Favorite ending to a song..

Mine has to be the last 30 seconds or so from “November Rain” Guns 'N Roses.

Anyone else?

The guitar and drum section during the last two minutes of “Hotel California”.

Don’t really have a favorite, but the fade-out on the early 1960’s song “Just One Look” is probably the best part of the song. Especially in the original version by Doris Troy.

“Just one look…that’s all it took, yeah, just one look…that’s all it took.”

The outro only lasts ten seconds or so, but I can’t imagine someone covering the song and omitting it. It’s been pulled from the rest of the song and used (as a loop) in commercials.

Here’s the Hollies covering it.They make the rest of the song more interesting so the difference isn’t as great. (Warning… video contains footage of Graham Nash looking like an uber-geeky George Harrison clone.)

Ohh, and apologies for being stuck in the 1960s.

The backward keyboard snippet stuck at the end of Strawberry Fields Forever always makes me see Giggling Madness wiggling a beckoning finger my way. (“Hey, when you go out this evening why not leave the clothes at home and take the axe instead…?”)

Gary Hoey - La Rosa Negra

Les obscure,

Led Zep - Stairway to Heaven

Favorite Ending is “You Can’t do That” by The Beatles. I love the little signature at the very end. Also, “Happiness is a Warm Gun.”

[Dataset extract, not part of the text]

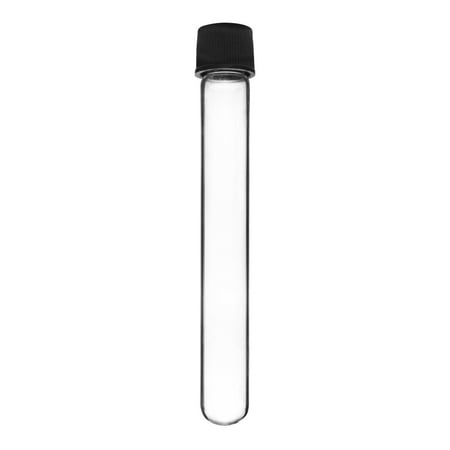 10ml Glass Test Tube Test Tube, 10ml - Plain with Bakelite Screw Cap & Rubber Liner - Borosilicate Glass - Eisco Labs ()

The last measure of Elton John’s “Come Down In Time”. It’s a B5 chord. Song is in Dm.

ETA:

D melodic minor, not D harmonic.

I think it’s probably the end of “Night Rally” in Elvis Costello’s my aim is true. The way that it builds and builds and the stops abruptly mid lyric for just long enough to let you know the song is over before “Radio, Radio” starts.

I opened this thread intending to post this.

“And in the end, the love you take is equal to the love you make” -The Beatles “The End”

Neither of those songs was on the US version of that album IIRC.

I too am partial to the sudden end to a song, especially in a good rave-up - “Should I Stay or Should I Go” by the Clash has some awful lyrics, but everything in that song races to a photo-finish at the end and then it is over.

Well I guess the Beatles were the expert in this realm (among many others) because I came in here to nominate one more.

The coda to Hello / Goodbye is brilliant. The song could end simply enough with the last sung / spoken “Hello -o -o…” but then an abrupt change of gears and the outro kicks in with the upbeat “Hey-la, Hey, Hey, Hey-la” groove that could easily have served as the structure of a chorus for a different song all together but instead works perfectly when inserted here.

The chord that goes on forever at the end of A Day in the Life.

The bird that tweets at the end of Layla.

It’s a guitar, dude.

I love both the “endless chord” from the Beatles’ A Day In The Life, and also the corresponding satire of it from the Rutles’ Cheese And Onions (from the fictitious Album, Yellow Submarine Sandwich). Apparently, this song has actually been included on bootleg Beatles compilations by people intentionally or accidentally mistaking the song as a “real” Beatles song :slight_smile: After all, you better think twice – at least once more.

Also, the end to U2’s song Stay (Faraway, So Close!): “Just the bang and the clatter, as an angel hits the ground.” short, muted cymbal (The video and its ending don’t really match what I picture the song being about, either…)

The final verse that was, I believe, left off the radio version of The Thunder Rolls. It gives the song a much more definitive ending (IMHO).

And I’ll third the ending of Hotel California

I’d go with the coda from The Police’s “It’s Alright For You” - from 2:29 to the end.

Or the end of XTC’s “Mayor of Simpleton” - 3:10 to the end.

Or the end of The Smiths’ “Pretty Girls Make Graves” - 2:28 to the end.

Here’s one I just remembered: Jimi Hendrix, House Burning Down. One of the best intros AND best endings.

The end of High Speed Dirt by Megadeth. A killer little solo followed by the sound of a jumper hitting the ground and turning into mush.

The last three minutes of “Supper’s Ready” by Genesis.

Exquisite choice.

The end of Blinded by the night (MMEB) in the album version.